In the past few years, (G)I-dle have cemented their ability to deftly tackle a wide range of concepts—and bring something uniquely (G)I-dle each time. Ranging from summer breeziness in “DumDi DumDi” to ethereal beings fallen from grace in “Oh My God” to romantic folktales tinged with an undercurrent of nightmares in “Hwaa,” the now quintet leaves no stone unturned. As new music heralds new concepts, the question lingers whether (G)I-dle can repeatedly usher in captivating eras that still speak to their identity.
I Never Die, the first full-length album from the group, rises to the challenge. The eight-track project grounds itself in a pop-rock sound, pulls style inspiration from alt-rock/punk-rock, and paints the album aesthetic with film noir feel (helped mostly by the cover art and the “Tomboy” MV). These elements give I Never Die the initial hefty push it needs to stand out, both in (G)I-dle’s own growing discography and the increasing rock-inspired tracks in the K-pop landscape.
(G)I-dle redefine themselves as they slip into the shoes of their charismatic characters, starting with the revenge squad in “Tomboy” and its cinematic MV. The five are the heroines of their stories, asserting their confidence, and taking matters into their own hands (even if that means that their significant other ends up in the trunk of their convertible).
A muffled guitar riff opens the track, the steadily increasing volume building anticipation. The juicy story this hook promises comes to fruition through the chorus, the phrase “Yeah, I’m *** tomboy” (the expletive is bleeped out). This line makes the most impact alongside the killing part of the choreography, when (G)I-dle flash the “rock on” hand gesture in unison.
While “Tomboy” is a strong song overall, the intro verse and Soyeon’s rap unfortunately fall flat as they veer into nonsensical territory. “I’m tired of this ping pong” adds onto the story, considering the group spits “Tomboy” at the person who traps them into a “blonde Barbie doll” character (they respond later with “I’m not a doll”). The remainder of the verse strays into a mish-mash of disconnected phrases that are nowhere close to what Soyeon has proven she can do in the past.
“My Bag,” the hip-hop track that concludes the album, does stretch (G)I-dle’s rapping skills. All five members take charge as they enter the new territory of “My Bag,” reinforcing their willingness to define (G)I-dle in unexpected ways.

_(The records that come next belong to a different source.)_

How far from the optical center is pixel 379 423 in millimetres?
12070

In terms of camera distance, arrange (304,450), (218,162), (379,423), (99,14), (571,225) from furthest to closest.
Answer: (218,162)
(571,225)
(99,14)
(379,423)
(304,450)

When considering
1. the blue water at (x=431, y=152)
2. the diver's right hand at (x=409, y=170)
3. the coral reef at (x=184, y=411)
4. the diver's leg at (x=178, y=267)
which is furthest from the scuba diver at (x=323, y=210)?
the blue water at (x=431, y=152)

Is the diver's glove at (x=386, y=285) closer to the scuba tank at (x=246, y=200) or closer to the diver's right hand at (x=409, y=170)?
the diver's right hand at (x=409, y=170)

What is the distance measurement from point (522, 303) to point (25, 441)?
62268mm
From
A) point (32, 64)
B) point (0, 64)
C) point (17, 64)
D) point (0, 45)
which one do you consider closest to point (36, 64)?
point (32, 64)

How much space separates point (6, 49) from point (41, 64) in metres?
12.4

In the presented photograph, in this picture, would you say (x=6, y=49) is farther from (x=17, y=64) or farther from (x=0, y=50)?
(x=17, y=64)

Yuqi, Minnie, Miyeon, Shuhua, and Soyeon shine as the “Red five diamonds in [their] bag.” The message is clear: the members of (G)I-dle are worth protecting, and they give each other the confidence to tackle a track like “My Bag.”
The rest of I Never Die continues the narrative “Tomboy” started, diving into a darker and more sophisticated side of (G)I-dle in both songwriting and production. “Never Stop Me” begins this journey, following “Tomboy” in the tracklist. (G)I-dle twist their bold attitude and morph it into a “crazy ex” narrative bursting with sharp energy. The five embrace their new role as betrayed lovers on a mission, as they sing:
Actually no, I’m not okay
Let me put on a leather jacket
Mama don’t ever stop me
No matter what I do
When Minnie’s voice holds the first notes and bends a half-step up, this smooth yet laid back (and almost lazy) path introduces light suspense from the get-go. There is a good story to come—and that is for sure. One can imagine (G)I-dle singing into standing microphones, their piercing gazes affixed to the camera as they tell their story.

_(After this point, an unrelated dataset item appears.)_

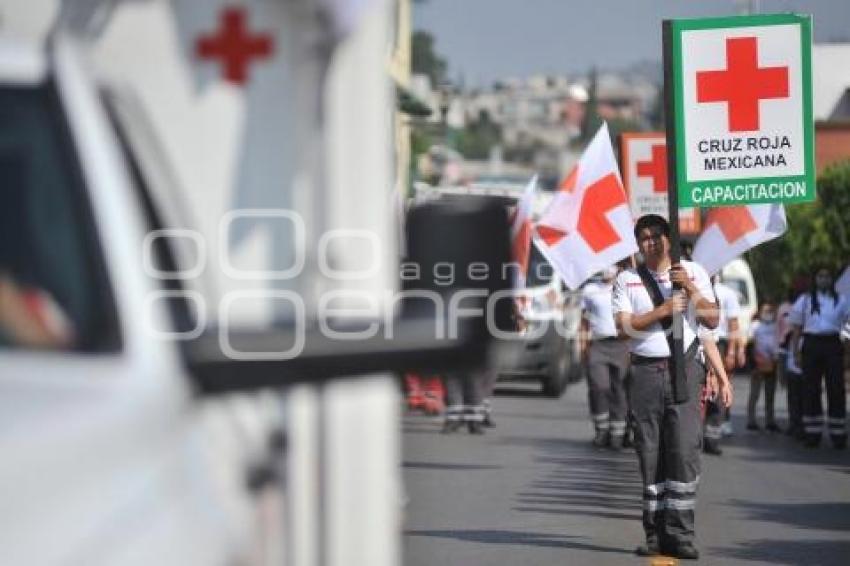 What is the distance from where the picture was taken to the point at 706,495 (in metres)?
16.3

Similar to “Tomboy,” “Never Stop Me” features a rock chorus complete with electric guitar hooks and energetic downbeats. A helium-infused vocal effect warps the pre-chorus section, creating a sonic contrast with the strength of the main hook.
Distortion describes “Villain Dies” perfectly. Although all eight tracks of I Never Die build intriguing stories, “Villain Dies” gives the strongest storybook or film feeling. The casual sway of its rhythm catches listeners unaware, but there is something about the instrumentals that makes them stay a little wary. Warped violins, a trap beat, and an anti-drop surround the off-kilter statement, “If the villain dies,” while a simple instrumental chorus follows.
Darkness is lurking, and (G)I-dle seize onto the unsettling feelings that emerge to shape this gripping track. Soyeon’s spoken intro immediately solidifies an eerie fairytale arc. A chill tingles up listeners’ spines as she whispers, “Once upon a time, there was a villain / Who is a villain?” against the tiptoe of plucked strings.
I’m so silly, he’s so fine covered in dirt
No matter how many shots I shoot
You don’t get hit by my gun
It takes a moment for the full meaning of the lyrics to sink in while (G)I-dle continues unfolding their intriguing murder tale. “Villain Dies” shows the sophisticated songwriting of the group (Soyeon has writing credit) and their ability to express captivating stories, explore a breadth of emotions, and fully immerse themselves as the characters of their songs.
Yuqi’s voice is tinged with indifference when she sings the line featuring their album title, “Heroine is mine, I never die / Even if it’s your sad ending.” It is like she shrugs nonchalantly as she delivers this part because she—and (G)I-dle—know that they will always be on top, so who cares if someone else loses in the end?
The five finally answer Soyeon’s question at the end of the track, bringing the story full-circle: “Who is the villain?” they ask once more. Why, they respond, “That villain was me.”
(G)I-dle could have left “Villain Dies” there, which would have been a perfect ending in its own right, but they take it another step further. It is almost as an afterthought, one that induces chills, when Minnie concludes softly, bare instruments supporting her airy voice, “Oh right, oh, right, write / ‘Never die.’”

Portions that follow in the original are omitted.